The confidence level among small businesses was also echoed in the medium business segment. Ninety percent of IT decision makers at midsize businesses expect to purchase new hardware in the next six months, also up 10 percentage points since October 2010. The small business IT Growth Monitor, which measures IT investment expectations, increased five points from October to 54, a record high since December 2007.
Rising growth expectations among SMBs (small and midsize businesses) are influencing sentiment across the entire corporate sector, according to the report, despite a leveling-off in the large business sector, which showed greater optimism earlier in 2010. Three-quarters or more of overall corporate IT decision makers anticipate replacing or installing hardware (75 percent) or software (78 percent) in the next six months-a record high in the corporate sector since the launch of the IT Monitor in December 2007.
In addition, the report found 61 percent of IT decision makers at small businesses anticipate replacing or installing new software in the next six months. However, the outlook for IT staffing is not keeping pace with investment expectations: Eight percent of corporate IT decision makers expect to cut IT staff in the next six months, up three percentage points from October 2010.
“As the economic climate improves, investing in technology will be critical for organizations seeking to increase productivity,” said Thomas Richards, president and COO for CDW. “Focusing on the IT refresh cycle and upgrading existing technology clearly is taking immediate precedence with decision makers over increasing IT staffing in the near term.”
The CDW IT Monitor was created by CDW, and independent polling firm Richard Day Research conducted research and analysis. Decision makers are invited from two large national panels of IT decision makers built and maintained by E-Rewards and Survey Sampling International. Data reported in this release are based on a survey of 1,056 IT decision makers conducted between Nov. 30 and Dec. 6, 2010.
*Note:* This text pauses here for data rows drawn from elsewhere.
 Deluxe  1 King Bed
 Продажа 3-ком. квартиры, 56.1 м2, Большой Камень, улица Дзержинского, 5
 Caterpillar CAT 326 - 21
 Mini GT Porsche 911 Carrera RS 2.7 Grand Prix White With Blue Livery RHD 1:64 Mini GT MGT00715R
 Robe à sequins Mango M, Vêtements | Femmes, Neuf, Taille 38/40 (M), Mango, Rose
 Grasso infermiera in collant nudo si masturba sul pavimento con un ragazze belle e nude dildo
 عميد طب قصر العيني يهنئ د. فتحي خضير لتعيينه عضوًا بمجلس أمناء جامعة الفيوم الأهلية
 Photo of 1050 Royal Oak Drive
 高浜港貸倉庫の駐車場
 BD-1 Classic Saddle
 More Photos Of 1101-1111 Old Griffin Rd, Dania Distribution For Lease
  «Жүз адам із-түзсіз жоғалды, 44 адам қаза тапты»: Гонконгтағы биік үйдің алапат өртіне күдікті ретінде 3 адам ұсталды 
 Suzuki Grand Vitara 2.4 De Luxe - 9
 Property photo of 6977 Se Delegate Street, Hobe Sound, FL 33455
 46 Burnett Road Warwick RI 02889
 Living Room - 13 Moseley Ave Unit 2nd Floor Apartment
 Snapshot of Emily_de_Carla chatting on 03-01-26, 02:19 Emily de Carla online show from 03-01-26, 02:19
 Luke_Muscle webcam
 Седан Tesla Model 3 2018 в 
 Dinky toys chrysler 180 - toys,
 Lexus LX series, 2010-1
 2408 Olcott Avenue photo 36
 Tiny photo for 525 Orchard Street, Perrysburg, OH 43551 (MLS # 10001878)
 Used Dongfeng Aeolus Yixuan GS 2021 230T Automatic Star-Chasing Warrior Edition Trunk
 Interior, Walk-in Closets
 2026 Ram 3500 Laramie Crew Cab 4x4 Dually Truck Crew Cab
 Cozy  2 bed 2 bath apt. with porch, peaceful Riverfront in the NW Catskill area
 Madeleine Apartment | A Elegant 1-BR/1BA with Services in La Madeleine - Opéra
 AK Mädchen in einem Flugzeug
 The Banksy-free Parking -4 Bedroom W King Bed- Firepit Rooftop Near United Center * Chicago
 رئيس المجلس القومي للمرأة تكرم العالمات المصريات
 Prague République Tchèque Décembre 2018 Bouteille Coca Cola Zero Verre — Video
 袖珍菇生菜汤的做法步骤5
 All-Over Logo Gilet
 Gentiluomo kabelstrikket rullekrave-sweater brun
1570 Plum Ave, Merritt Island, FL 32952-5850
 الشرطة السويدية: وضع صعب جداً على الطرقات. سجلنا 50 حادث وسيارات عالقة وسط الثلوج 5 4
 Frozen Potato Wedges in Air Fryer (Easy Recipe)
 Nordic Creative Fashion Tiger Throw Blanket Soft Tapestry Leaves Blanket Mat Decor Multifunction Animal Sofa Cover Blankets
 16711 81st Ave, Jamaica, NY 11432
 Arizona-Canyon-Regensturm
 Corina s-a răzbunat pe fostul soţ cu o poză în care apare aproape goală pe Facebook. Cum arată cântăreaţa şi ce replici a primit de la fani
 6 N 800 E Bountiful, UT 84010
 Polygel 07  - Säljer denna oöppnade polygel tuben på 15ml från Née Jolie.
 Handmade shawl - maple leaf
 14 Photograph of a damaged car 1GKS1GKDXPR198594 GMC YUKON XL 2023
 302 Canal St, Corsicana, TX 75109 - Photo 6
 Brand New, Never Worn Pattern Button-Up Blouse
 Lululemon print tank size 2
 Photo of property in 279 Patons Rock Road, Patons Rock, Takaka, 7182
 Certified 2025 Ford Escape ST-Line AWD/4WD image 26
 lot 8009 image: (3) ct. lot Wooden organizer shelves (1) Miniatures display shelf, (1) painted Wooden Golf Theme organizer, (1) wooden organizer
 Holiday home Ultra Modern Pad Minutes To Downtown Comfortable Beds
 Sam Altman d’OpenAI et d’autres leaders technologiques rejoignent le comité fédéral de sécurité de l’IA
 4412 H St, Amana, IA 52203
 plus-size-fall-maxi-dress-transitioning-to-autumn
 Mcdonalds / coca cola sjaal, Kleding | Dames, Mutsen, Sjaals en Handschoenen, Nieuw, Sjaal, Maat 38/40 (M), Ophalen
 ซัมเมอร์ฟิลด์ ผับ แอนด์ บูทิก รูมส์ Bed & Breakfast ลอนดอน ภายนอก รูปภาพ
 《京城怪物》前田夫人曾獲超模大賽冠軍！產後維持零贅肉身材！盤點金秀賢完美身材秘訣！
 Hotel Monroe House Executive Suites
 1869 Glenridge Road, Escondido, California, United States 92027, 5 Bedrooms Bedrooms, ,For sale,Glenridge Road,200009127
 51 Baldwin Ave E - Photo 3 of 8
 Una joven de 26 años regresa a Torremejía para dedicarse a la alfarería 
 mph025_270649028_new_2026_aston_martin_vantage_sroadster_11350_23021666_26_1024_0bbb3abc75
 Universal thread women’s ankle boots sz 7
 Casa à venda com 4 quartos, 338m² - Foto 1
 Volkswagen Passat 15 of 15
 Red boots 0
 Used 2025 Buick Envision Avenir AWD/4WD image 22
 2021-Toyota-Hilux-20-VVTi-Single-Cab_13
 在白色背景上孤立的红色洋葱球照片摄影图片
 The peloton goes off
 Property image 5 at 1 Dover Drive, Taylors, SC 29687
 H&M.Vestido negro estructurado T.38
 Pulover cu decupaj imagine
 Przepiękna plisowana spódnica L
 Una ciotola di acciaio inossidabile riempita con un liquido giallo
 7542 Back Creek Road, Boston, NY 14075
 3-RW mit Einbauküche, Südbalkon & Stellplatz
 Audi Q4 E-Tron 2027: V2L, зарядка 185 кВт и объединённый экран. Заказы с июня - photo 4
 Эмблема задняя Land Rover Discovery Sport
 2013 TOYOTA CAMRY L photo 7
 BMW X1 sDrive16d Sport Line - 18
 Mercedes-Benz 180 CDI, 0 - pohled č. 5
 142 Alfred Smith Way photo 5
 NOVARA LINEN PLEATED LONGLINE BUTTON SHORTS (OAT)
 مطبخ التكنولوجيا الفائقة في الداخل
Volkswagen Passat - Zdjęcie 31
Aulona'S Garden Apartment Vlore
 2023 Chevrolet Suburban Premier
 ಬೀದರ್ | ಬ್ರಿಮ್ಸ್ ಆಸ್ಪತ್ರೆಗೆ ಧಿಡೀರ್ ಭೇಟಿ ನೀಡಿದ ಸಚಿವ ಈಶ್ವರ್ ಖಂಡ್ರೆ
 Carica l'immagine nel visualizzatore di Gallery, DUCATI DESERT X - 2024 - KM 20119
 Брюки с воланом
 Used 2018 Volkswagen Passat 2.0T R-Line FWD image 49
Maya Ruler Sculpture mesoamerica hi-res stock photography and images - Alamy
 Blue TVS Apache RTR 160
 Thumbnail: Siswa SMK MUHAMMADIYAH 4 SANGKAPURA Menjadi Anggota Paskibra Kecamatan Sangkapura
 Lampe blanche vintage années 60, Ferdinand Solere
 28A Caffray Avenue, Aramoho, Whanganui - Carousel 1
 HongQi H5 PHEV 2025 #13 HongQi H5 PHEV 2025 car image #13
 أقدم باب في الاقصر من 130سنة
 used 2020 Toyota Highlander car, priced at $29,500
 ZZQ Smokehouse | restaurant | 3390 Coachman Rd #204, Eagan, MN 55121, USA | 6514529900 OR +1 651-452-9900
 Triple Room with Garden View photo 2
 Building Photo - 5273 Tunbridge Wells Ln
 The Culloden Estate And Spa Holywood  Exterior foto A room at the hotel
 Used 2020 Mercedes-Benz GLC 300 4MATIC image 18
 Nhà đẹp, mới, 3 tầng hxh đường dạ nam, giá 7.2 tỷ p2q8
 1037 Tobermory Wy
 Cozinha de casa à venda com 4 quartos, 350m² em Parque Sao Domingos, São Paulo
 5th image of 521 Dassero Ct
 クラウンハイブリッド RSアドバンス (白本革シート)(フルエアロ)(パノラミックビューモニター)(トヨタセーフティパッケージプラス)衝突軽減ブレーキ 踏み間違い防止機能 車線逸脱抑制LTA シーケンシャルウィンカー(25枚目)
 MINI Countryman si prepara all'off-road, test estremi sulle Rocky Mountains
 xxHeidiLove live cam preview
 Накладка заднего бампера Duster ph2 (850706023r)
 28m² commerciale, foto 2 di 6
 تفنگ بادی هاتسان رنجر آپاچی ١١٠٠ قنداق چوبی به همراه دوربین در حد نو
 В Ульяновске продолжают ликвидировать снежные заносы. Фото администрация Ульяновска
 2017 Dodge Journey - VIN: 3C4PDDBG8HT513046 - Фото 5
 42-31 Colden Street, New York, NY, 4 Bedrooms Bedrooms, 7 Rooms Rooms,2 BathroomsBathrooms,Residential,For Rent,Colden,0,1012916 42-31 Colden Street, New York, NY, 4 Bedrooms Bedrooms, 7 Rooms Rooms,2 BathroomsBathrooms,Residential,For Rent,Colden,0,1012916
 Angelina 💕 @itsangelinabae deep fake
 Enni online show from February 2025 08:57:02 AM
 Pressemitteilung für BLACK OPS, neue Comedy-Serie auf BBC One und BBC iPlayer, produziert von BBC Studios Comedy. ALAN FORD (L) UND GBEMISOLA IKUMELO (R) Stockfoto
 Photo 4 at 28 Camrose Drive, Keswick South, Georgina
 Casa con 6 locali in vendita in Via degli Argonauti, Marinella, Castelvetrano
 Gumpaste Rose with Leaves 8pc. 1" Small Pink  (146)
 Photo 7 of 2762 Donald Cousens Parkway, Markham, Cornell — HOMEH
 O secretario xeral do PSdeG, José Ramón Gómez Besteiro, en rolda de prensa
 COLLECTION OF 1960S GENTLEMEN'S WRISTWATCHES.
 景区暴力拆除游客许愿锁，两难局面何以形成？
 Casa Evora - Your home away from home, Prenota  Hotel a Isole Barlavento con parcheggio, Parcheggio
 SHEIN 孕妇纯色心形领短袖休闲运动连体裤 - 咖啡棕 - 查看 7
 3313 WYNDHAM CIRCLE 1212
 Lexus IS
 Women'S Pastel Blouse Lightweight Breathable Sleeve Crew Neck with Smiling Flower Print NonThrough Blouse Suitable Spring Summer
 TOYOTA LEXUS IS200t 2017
At the center of the CDW IT Monitor is an index number, which registered an initial benchmark reading of 69 in December 2007. Results are calculated on a scale of 0-100, with 100 indicating the highest level of confidence. In terms of government sentiment, the optimism among corporate IT decision makers is not as strong in the public sector. The IT Growth Monitor, which measures anticipated IT investment, fell four points in the federal government sector to 69, the lowest reading of 2010.